Strengthening and shape modification of fire-damaged concrete with expansive cement concrete and CFRP wrap

Abstract

This paper reports the results of an experimental study that involved the investigation of the axial capacity of fire-damaged specimens repaired by expansive cement concrete and CFRP wrap. Specimens were subjected to axial compressive loading and their resulting stress-strain curves were recorded. Since the flat sides of the square samples remained unconfined, the cross-sections of the tested specimens largely remained unconfined. The FRP jacket was effective only along the two diagonals of the cross-section. Confinement is generally more effective in specimens with circular cross-sections than in those with square ones. The change in cross-section for some of the specimens from square to circular ones was implemented. To modify the shape, expansive cement concrete was utilized to fill the gap between the circular and square cross-sections. The test results indicated that heating up to 500 degrees C caused a severe decline in compressive strength and the elastic modulus of concrete.

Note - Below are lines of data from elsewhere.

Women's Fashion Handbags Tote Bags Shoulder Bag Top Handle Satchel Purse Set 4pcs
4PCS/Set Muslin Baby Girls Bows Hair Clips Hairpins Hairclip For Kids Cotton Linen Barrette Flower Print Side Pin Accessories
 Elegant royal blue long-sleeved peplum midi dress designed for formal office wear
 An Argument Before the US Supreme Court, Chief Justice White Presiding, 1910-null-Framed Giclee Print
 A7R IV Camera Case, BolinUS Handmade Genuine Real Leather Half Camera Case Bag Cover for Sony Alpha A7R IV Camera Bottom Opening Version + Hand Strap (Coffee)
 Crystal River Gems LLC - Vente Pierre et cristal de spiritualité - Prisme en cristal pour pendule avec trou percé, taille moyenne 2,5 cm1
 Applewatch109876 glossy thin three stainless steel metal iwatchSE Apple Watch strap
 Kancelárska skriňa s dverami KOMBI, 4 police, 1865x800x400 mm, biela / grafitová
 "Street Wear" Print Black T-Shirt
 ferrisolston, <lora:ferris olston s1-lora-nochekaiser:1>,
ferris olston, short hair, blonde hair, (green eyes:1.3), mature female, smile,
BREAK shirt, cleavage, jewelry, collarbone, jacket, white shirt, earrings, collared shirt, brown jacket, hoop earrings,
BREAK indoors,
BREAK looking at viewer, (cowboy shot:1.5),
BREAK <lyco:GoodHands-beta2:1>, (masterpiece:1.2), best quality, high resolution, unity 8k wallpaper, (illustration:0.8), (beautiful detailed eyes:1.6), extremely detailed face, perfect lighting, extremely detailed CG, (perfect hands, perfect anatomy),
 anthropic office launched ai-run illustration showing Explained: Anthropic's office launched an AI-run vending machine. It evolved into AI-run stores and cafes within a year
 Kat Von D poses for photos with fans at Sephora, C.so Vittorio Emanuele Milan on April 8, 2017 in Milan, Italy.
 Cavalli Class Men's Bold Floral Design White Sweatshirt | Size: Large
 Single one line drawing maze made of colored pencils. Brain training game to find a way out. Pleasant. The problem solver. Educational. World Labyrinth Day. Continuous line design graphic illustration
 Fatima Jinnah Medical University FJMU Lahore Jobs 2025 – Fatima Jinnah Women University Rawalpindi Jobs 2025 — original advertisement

Two layers of CFRP wrap around the concrete not only compensated the drop in compressive strength, but also increased the strength beyond that of unheated specimen. However, the effect of wrapping alone on the stiffness and the elastic modulus is negligible. The heated square specimens that were first subjected to shape modification and, then, wrapped by CFRP sheet experienced an increase in the strength and the elastic modulus. Therefore, the stiffness and the compression strength of fire-damaged square concrete specimens could be compensated fully by the use of shape modification and CHIP wrapping of the cross-section. (C) 2019 Sharif University of Technology. All rights reserved.